▶

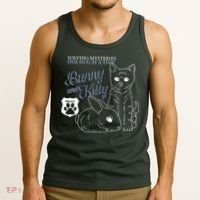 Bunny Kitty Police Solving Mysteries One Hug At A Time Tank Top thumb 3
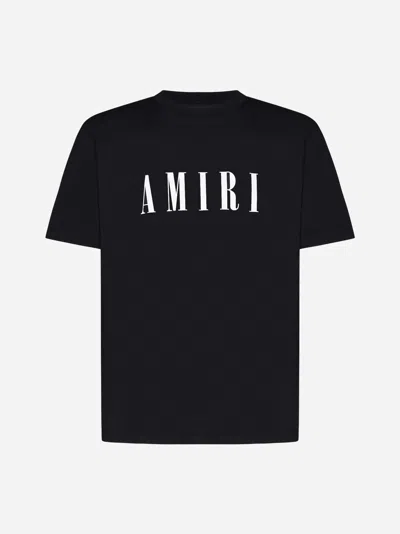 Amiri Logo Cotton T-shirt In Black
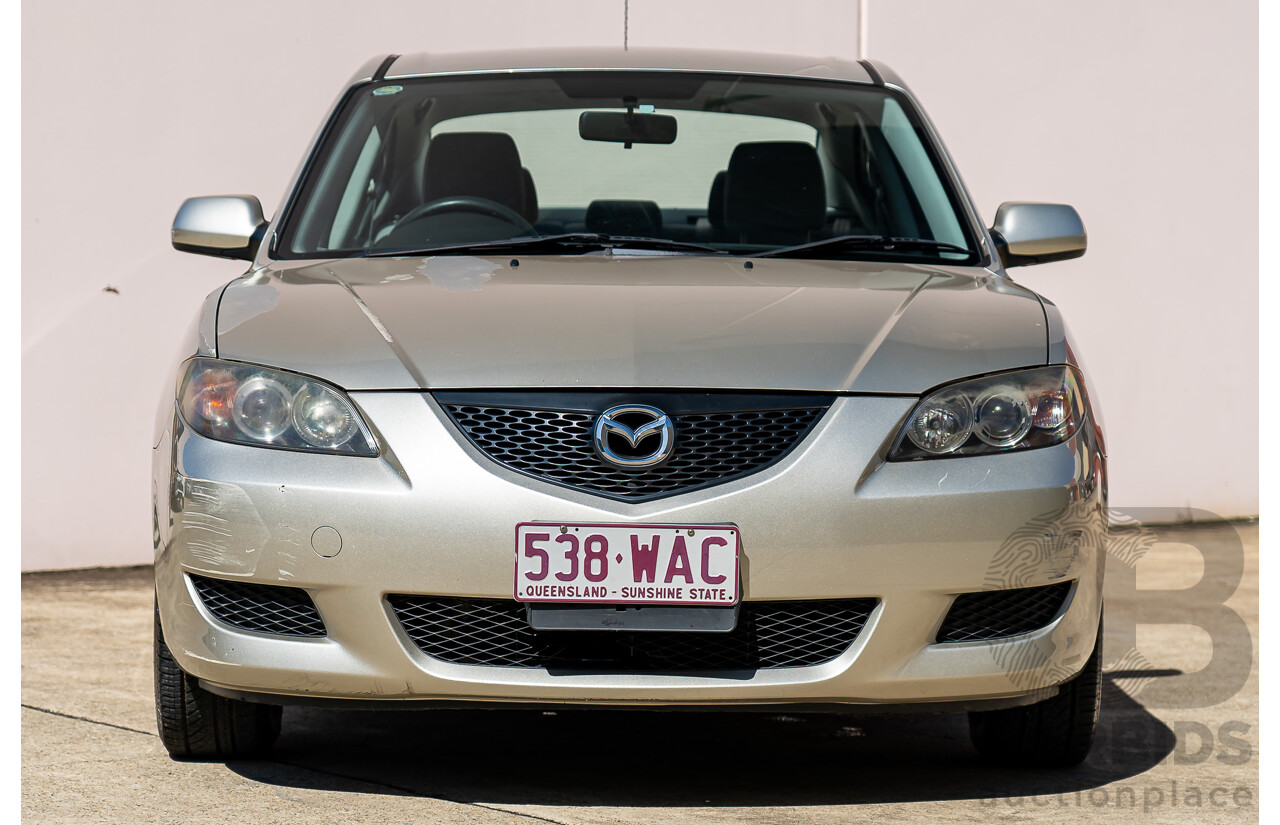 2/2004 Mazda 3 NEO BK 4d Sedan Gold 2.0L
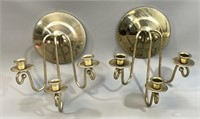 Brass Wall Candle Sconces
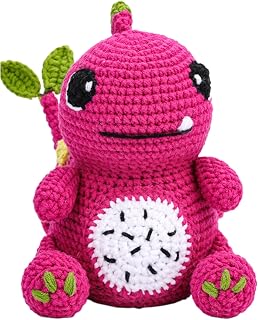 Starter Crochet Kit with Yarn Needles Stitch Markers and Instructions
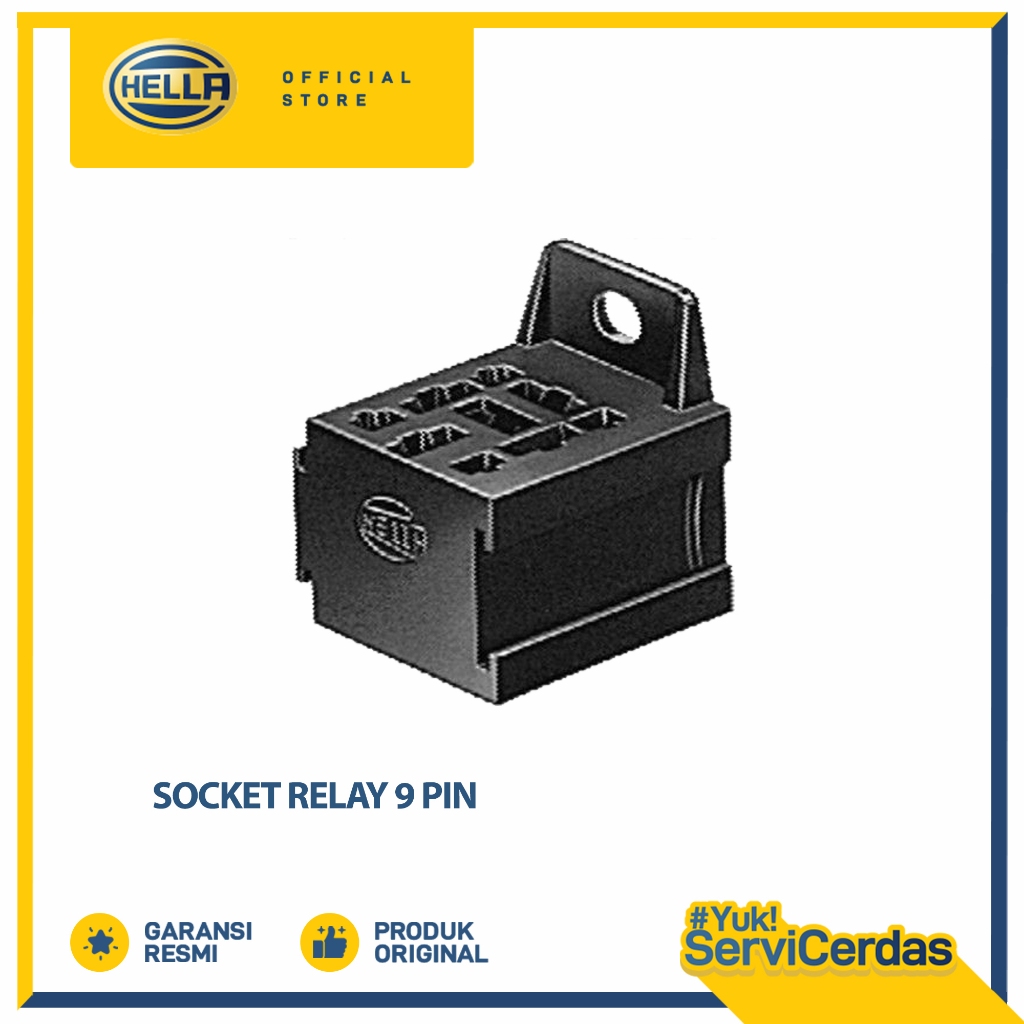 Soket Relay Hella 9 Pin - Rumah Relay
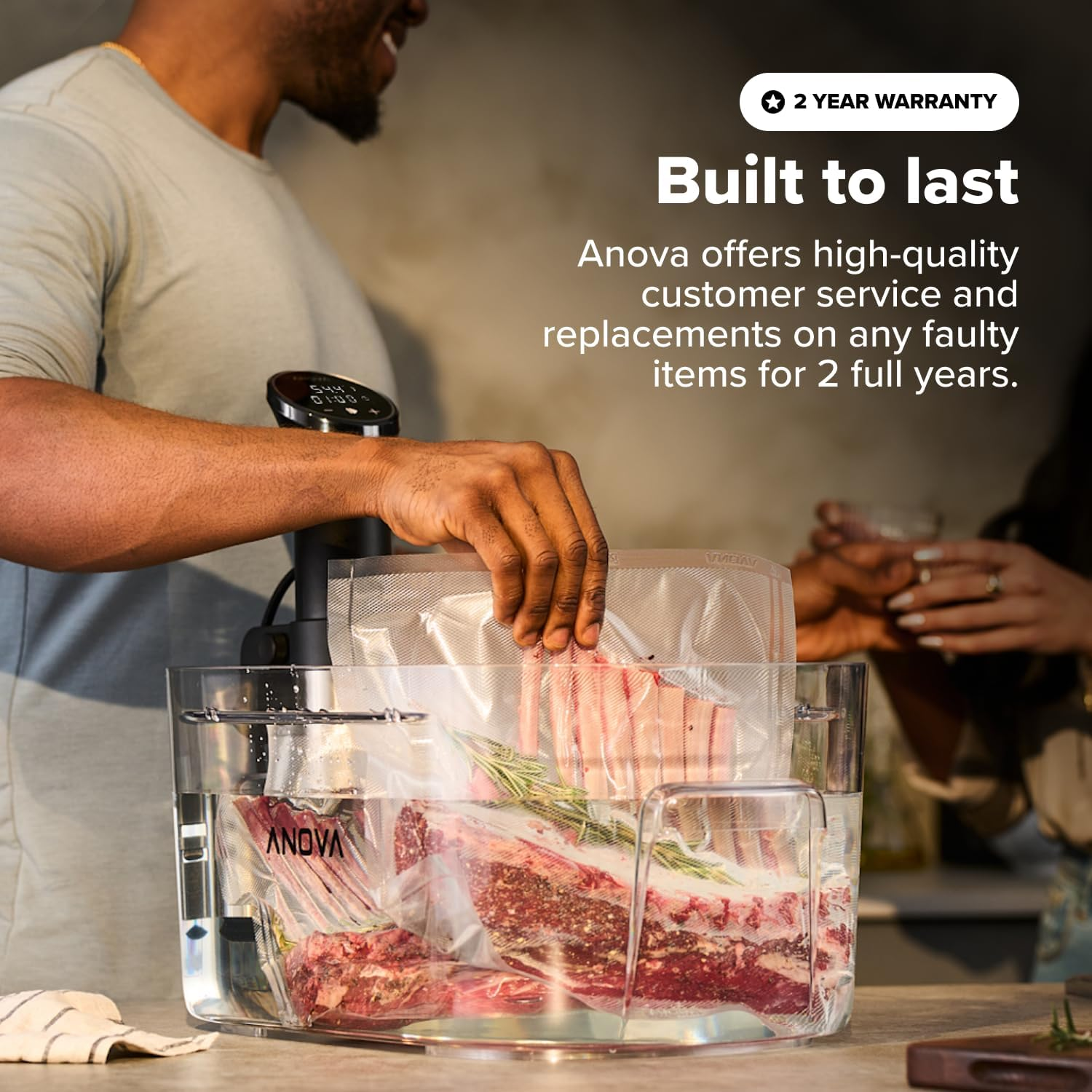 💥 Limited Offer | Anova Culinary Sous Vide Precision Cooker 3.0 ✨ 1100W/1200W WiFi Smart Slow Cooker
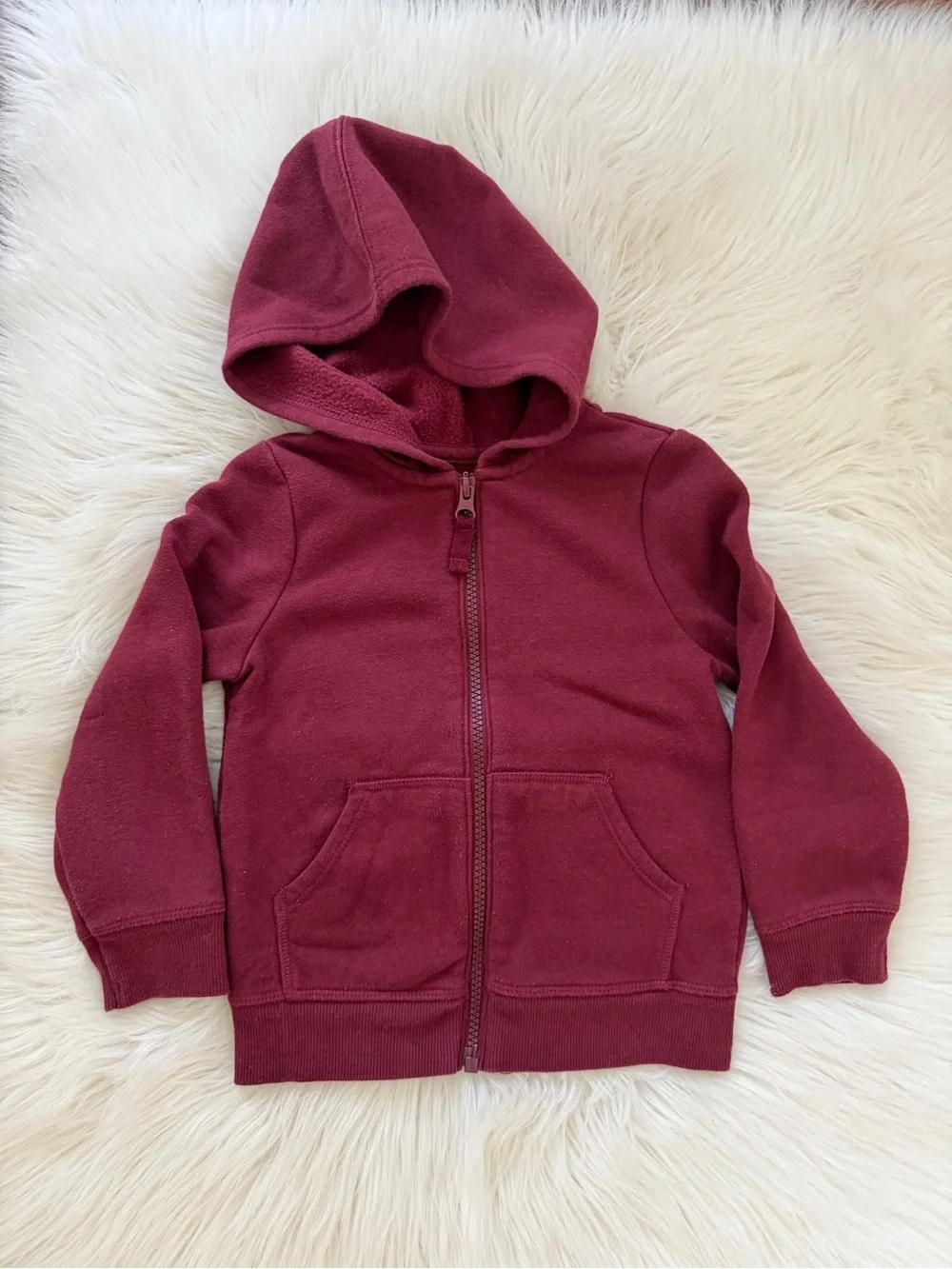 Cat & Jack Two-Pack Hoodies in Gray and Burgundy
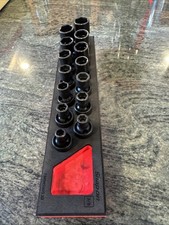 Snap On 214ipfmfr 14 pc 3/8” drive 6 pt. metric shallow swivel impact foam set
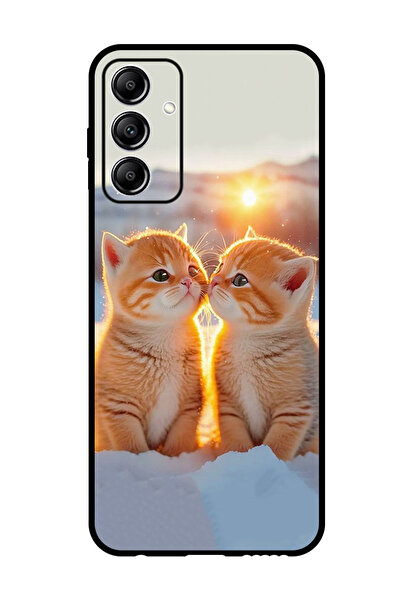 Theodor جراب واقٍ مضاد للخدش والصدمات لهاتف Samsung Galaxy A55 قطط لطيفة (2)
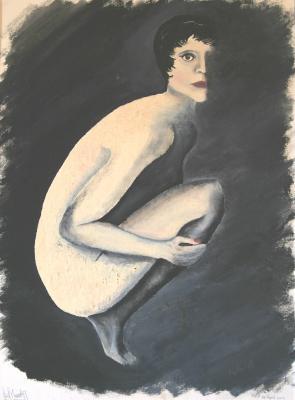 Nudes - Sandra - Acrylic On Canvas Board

◀

Please leave out the pictures as you reproduce the lines exactly, from the first line of the entries through the line containing "Soket Relay Hella 9 Pin - Rumah Relay".

# [Exercise result]
 Bunny Kitty Police Solving Mysteries One Hug At A Time Tank Top thumb 3
 Amiri Logo Cotton T-shirt In Black
 2/2004 Mazda 3 NEO BK 4d Sedan Gold 2.0L
 Brass Wall Candle Sconces
 Starter Crochet Kit with Yarn Needles Stitch Markers and Instructions
 Soket Relay Hella 9 Pin - Rumah Relay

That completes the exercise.